===== RECORDS TO PROCESS =====

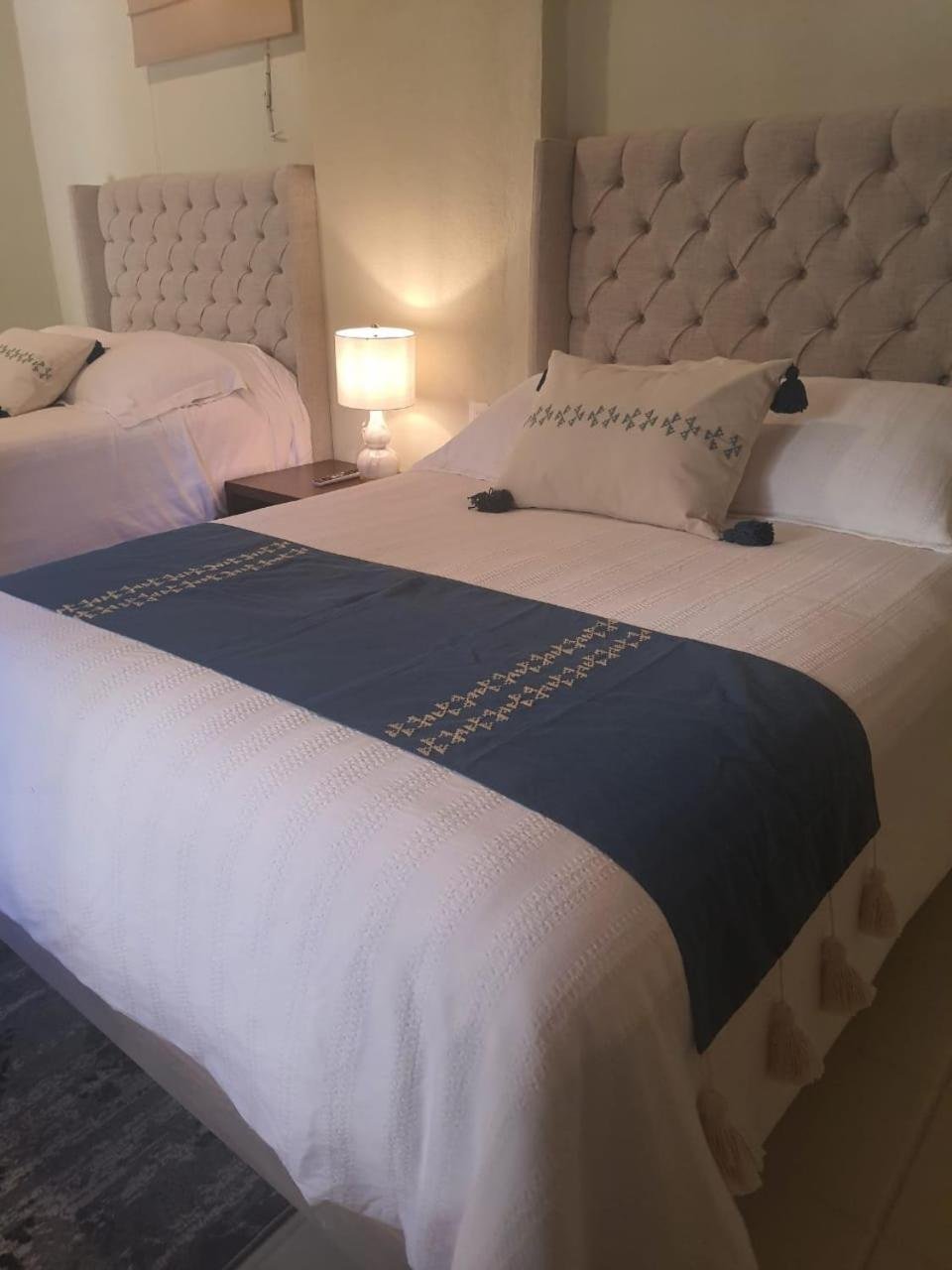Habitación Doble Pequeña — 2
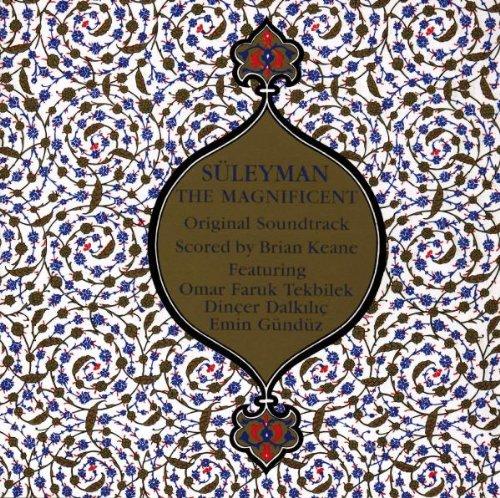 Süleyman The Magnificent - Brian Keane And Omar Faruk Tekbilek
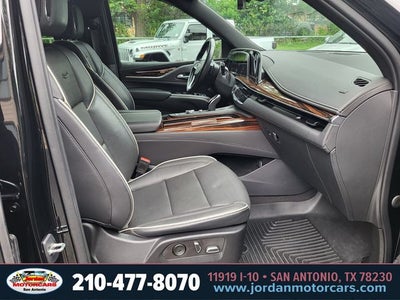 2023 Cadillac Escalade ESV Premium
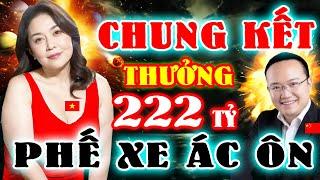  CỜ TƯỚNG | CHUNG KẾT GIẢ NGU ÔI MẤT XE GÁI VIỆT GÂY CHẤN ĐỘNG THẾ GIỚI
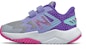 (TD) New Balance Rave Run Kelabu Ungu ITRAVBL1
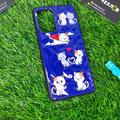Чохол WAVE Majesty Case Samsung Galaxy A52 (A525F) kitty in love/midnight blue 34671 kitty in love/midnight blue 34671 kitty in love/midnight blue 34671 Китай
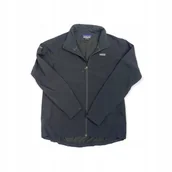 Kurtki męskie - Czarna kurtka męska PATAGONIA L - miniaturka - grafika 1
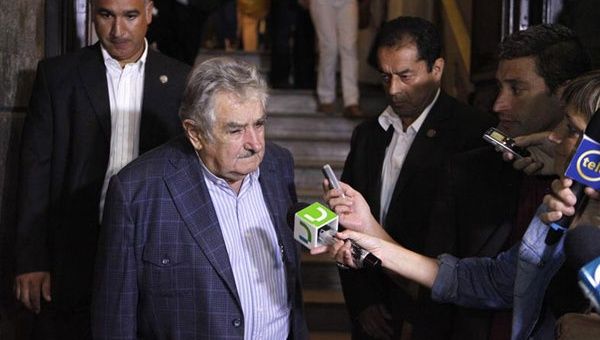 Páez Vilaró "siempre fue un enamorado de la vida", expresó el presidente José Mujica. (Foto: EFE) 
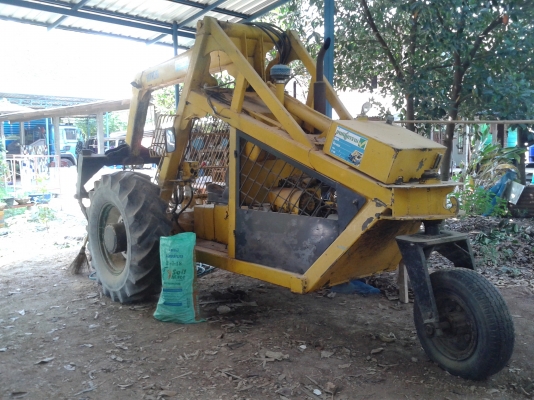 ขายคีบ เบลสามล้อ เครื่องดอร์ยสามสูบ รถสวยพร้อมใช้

=====
===== RECORDS TO PROCESS =====

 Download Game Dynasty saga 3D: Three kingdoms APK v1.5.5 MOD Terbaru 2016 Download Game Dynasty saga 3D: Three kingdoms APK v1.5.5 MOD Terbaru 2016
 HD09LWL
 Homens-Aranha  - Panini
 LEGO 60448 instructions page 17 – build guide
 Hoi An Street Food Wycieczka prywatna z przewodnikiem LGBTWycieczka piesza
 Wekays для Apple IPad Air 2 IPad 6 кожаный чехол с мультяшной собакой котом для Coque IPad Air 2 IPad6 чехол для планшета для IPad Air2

=====
===== RECORDS TO PROCESS =====

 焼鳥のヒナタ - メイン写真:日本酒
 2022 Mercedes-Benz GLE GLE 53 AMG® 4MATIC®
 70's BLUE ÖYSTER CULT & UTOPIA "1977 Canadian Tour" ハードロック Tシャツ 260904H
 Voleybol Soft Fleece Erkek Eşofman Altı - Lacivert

=====

Above are records; repeat only the lines from the line with "Habitación Doble Pequeña — 2" through the line with "ขายคีบ เบลสามล้อ เครื่องดอร์ยสามสูบ", and leave pictures out.

Habitación Doble Pequeña — 2
 Süleyman The Magnificent - Brian Keane And Omar Faruk Tekbilek
 2023 Cadillac Escalade ESV Premium
  CỜ TƯỚNG | CHUNG KẾT GIẢ NGU ÔI MẤT XE GÁI VIỆT GÂY CHẤN ĐỘNG THẾ GIỚI
 (TD) New Balance Rave Run Kelabu Ungu ITRAVBL1
Чохол WAVE Majesty Case Samsung Galaxy A52 (A525F) kitty in love/midnight blue 34671 kitty in love/midnight blue 34671 kitty in love/midnight blue 34671 Китай
 Kurtki męskie - Czarna kurtka męska PATAGONIA L - miniaturka - grafika 1
 Páez Vilaró "siempre fue un enamorado de la vida", expresó el presidente José Mujica. (Foto: EFE) 
 ขายคีบ เบลสามล้อ เครื่องดอร์ยสามสูบ รถสวยพร้อมใช้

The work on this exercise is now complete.